* DATA EXTRACT
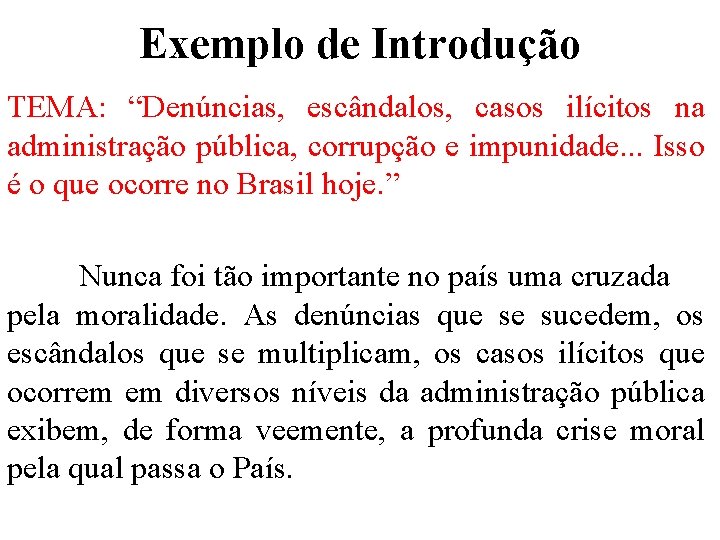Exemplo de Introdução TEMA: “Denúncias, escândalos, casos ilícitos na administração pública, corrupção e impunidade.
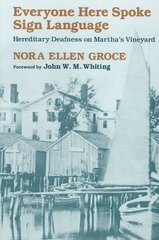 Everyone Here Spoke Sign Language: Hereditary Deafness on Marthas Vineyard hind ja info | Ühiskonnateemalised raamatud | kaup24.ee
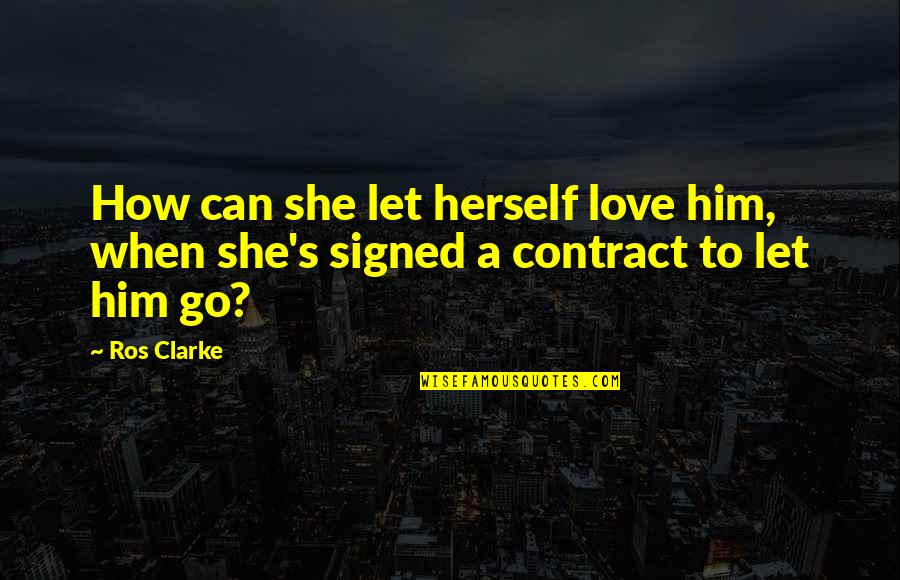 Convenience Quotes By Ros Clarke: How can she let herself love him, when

* TASK STATEMENT
Copy exactly the lines from the line that holds "Everyone Here Spoke" to the end of the listing, both included. Leave the pictures out.

* RESPONSE AREA
 Everyone Here Spoke Sign Language: Hereditary Deafness on Marthas Vineyard hind ja info | Ühiskonnateemalised raamatud | kaup24.ee
 Convenience Quotes By Ros Clarke: How can she let herself love him, when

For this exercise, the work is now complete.